[Opening Data in this exercise section]

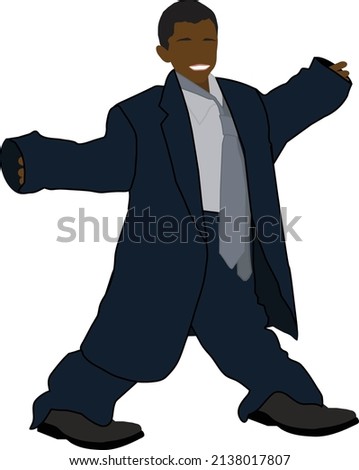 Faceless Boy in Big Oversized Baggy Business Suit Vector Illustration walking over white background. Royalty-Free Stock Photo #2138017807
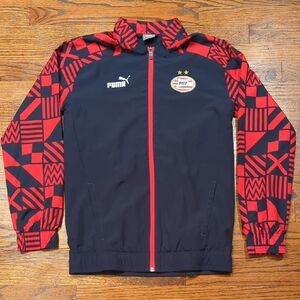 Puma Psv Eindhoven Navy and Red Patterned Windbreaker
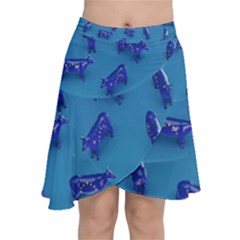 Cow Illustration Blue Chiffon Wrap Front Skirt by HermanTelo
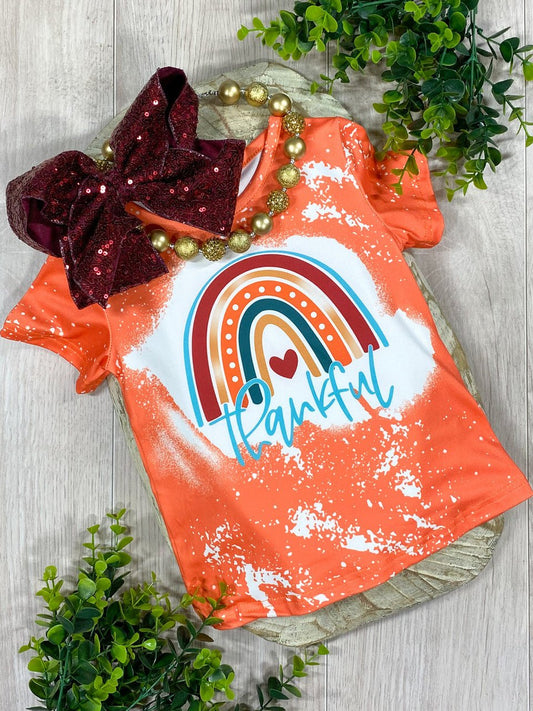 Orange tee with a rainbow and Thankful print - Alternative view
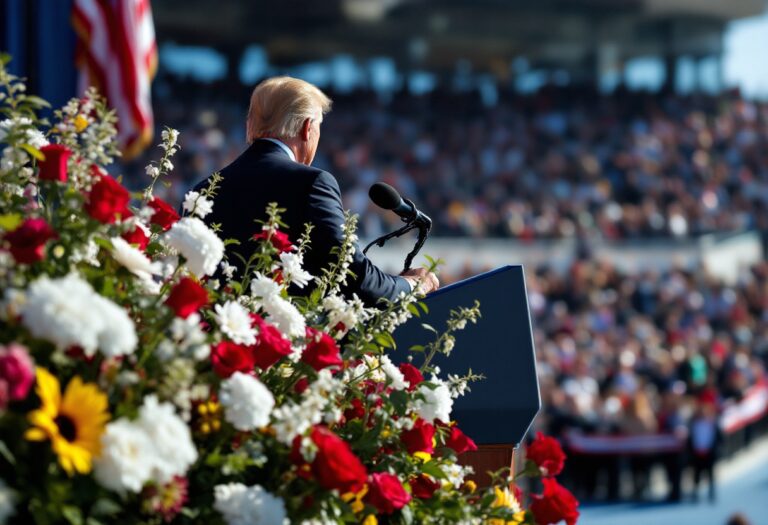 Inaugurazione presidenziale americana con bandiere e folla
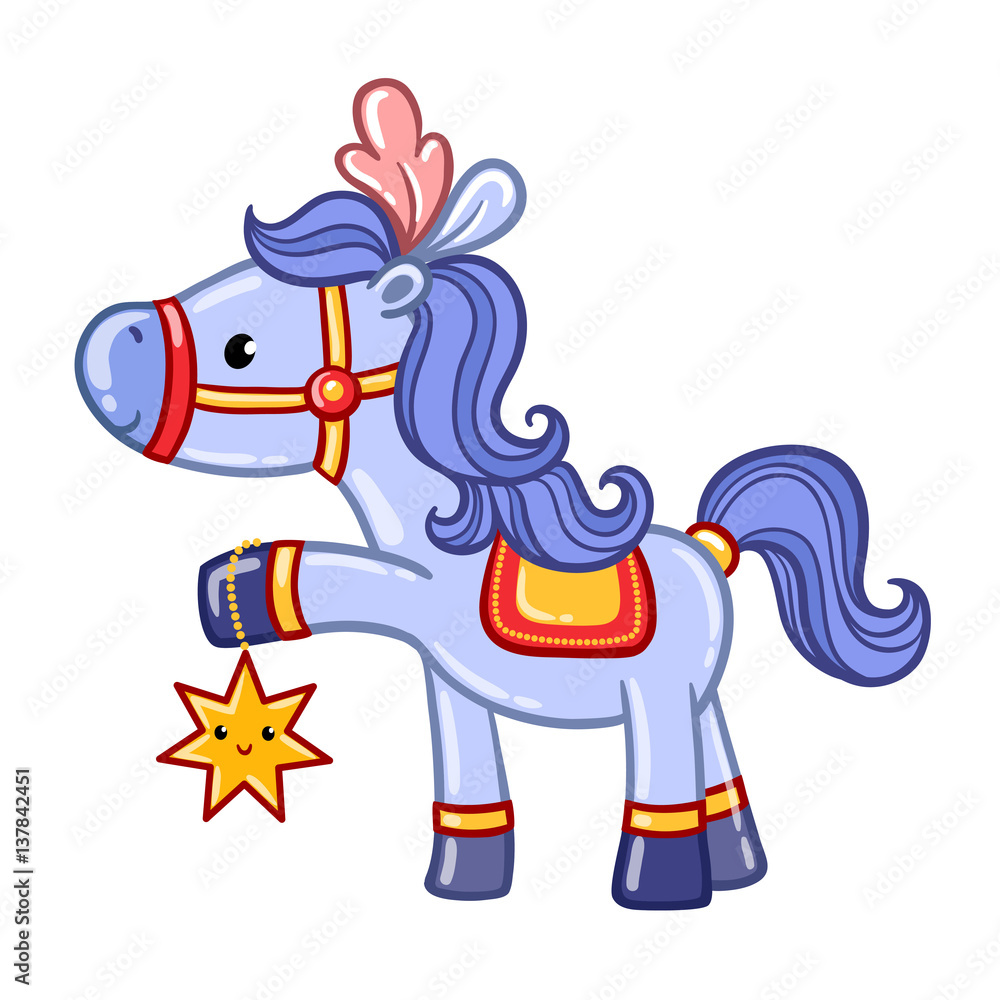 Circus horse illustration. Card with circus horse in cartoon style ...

[Closing Data in this exercise section]
[Opening Data in this exercise section]

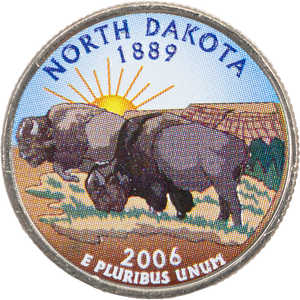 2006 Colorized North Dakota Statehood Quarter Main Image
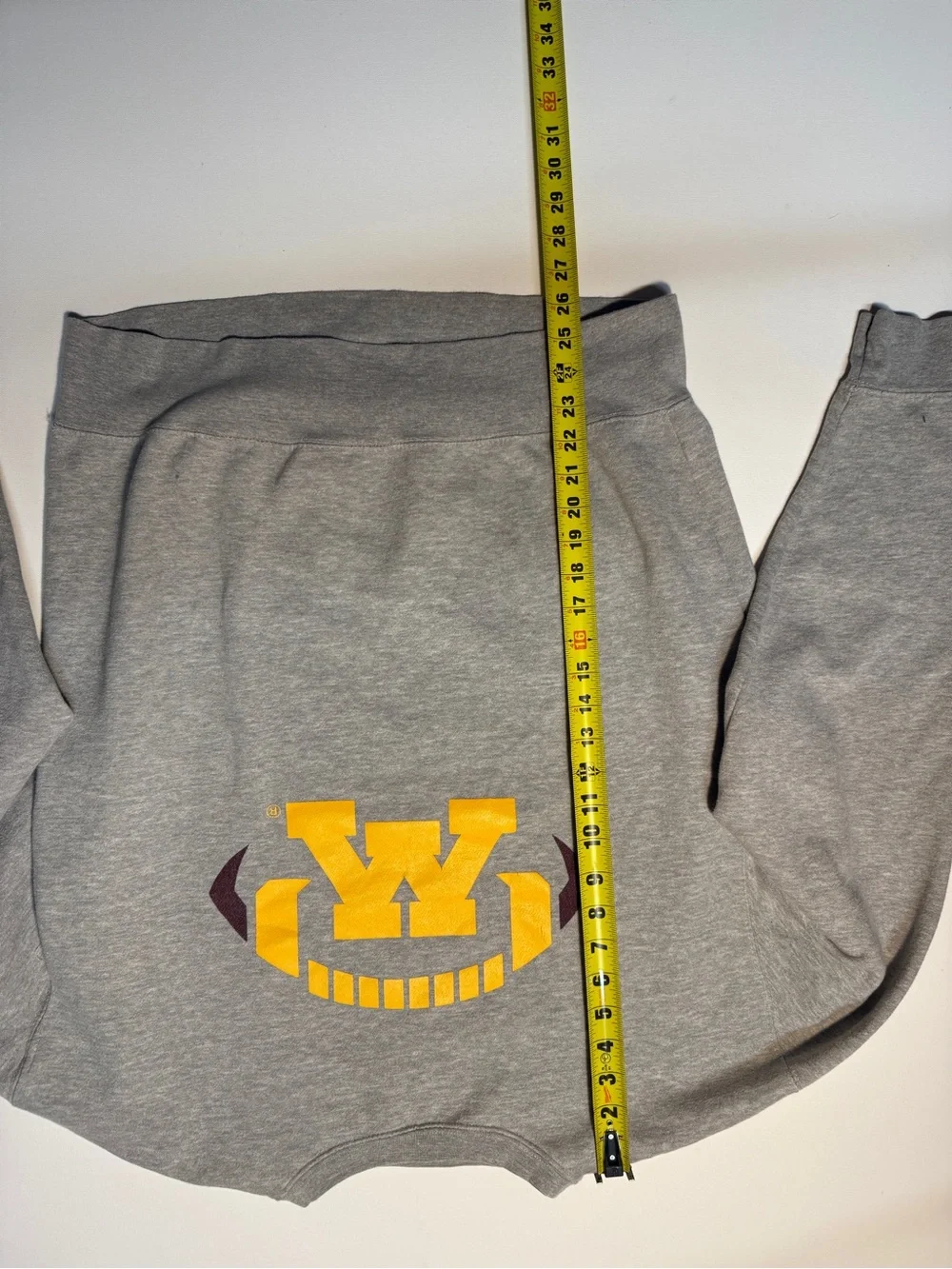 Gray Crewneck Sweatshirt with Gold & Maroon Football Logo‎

[Closing Data in this exercise section]
[Opening Data in this exercise section]

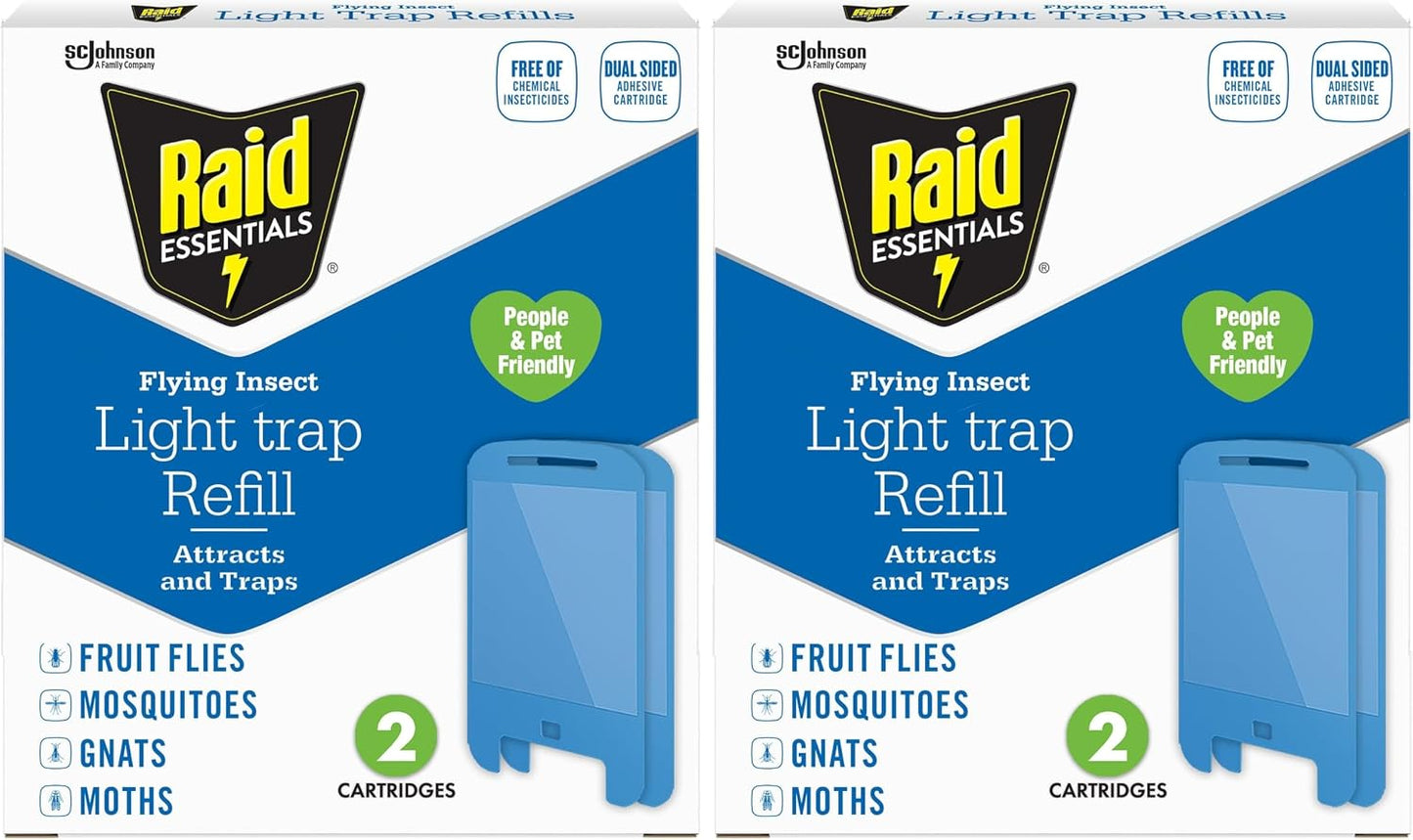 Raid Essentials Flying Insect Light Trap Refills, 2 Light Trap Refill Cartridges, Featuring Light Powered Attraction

[Closing Data in this exercise section]

## [What the task requires]
Above are some records; quote exactly and only the lines that begin at the line containing "Faceless Boy in" and stop after the line containing "Inaugurazione presidenziale americana", leaving out the pictures.

## [Your solution]
 Faceless Boy in Big Oversized Baggy Business Suit Vector Illustration walking over white background. Royalty-Free Stock Photo #2138017807
 Puma Psv Eindhoven Navy and Red Patterned Windbreaker
 Cow Illustration Blue Chiffon Wrap Front Skirt by HermanTelo
 Orange tee with a rainbow and Thankful print - Alternative view
 Inaugurazione presidenziale americana con bandiere e folla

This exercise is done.